Dataset content —
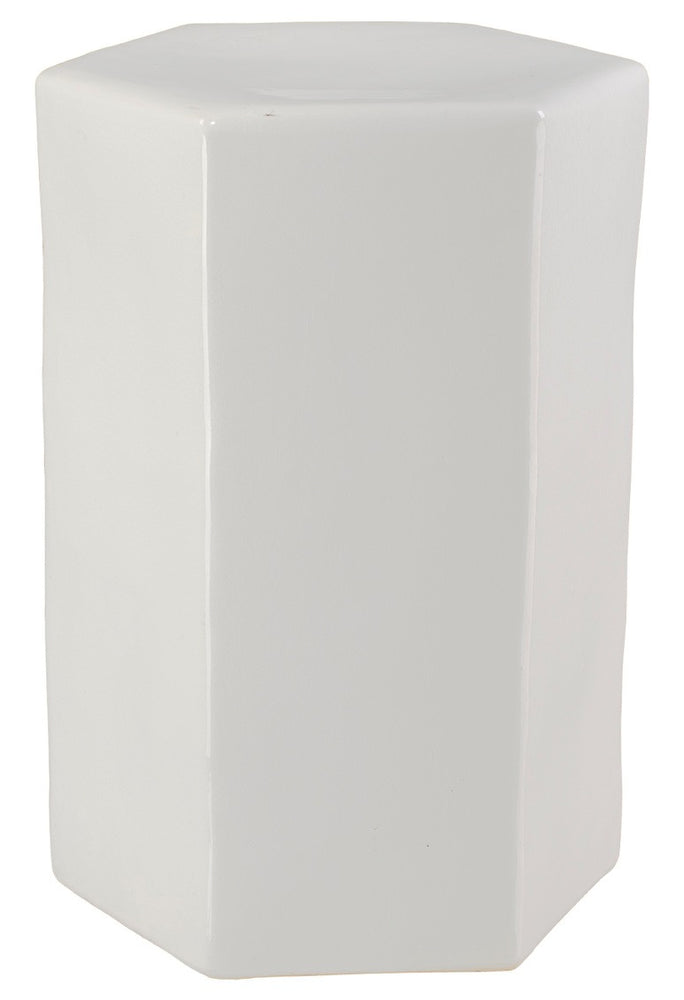 
                      
                        Porto Side Table - Large
                      
                    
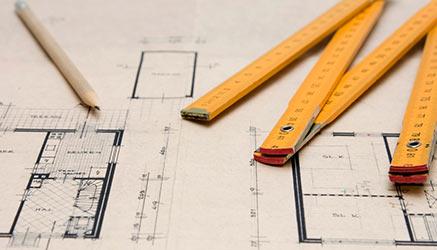 descrizione del liceo artistico indirizzo architettura e ambiente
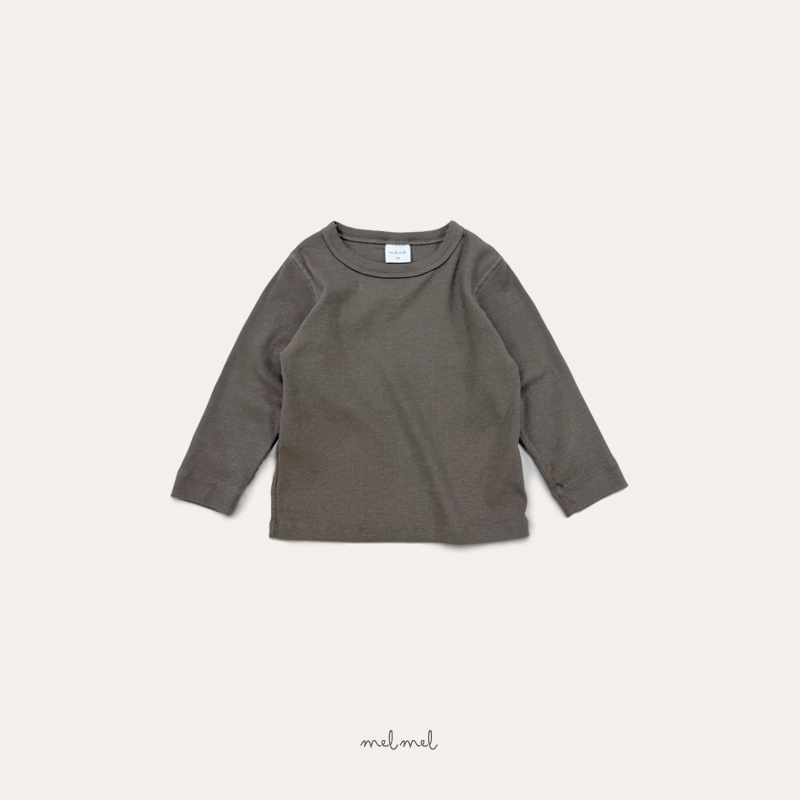 e.브라운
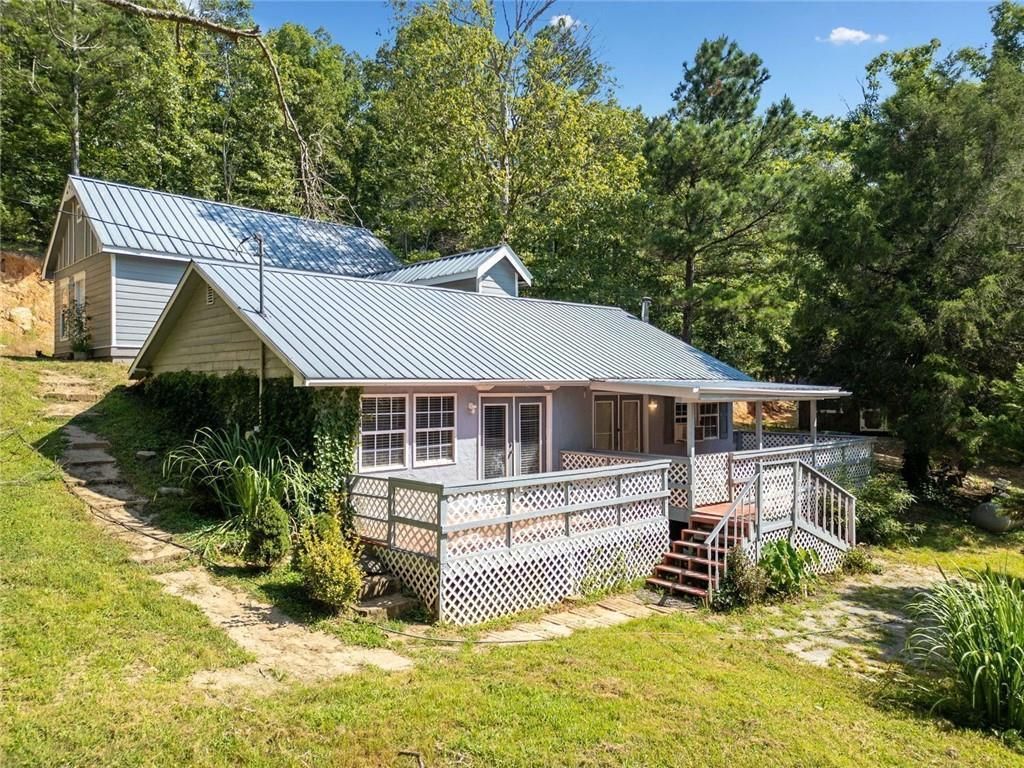 MLS #7615435 image #0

Your instructions — Copy exactly the lines running from the line with "descrizione del liceo" to the final line of the listing, keeping both ends and dropping any picture.

Exercise answer —
 descrizione del liceo artistico indirizzo architettura e ambiente
 e.브라운
 MLS #7615435 image #0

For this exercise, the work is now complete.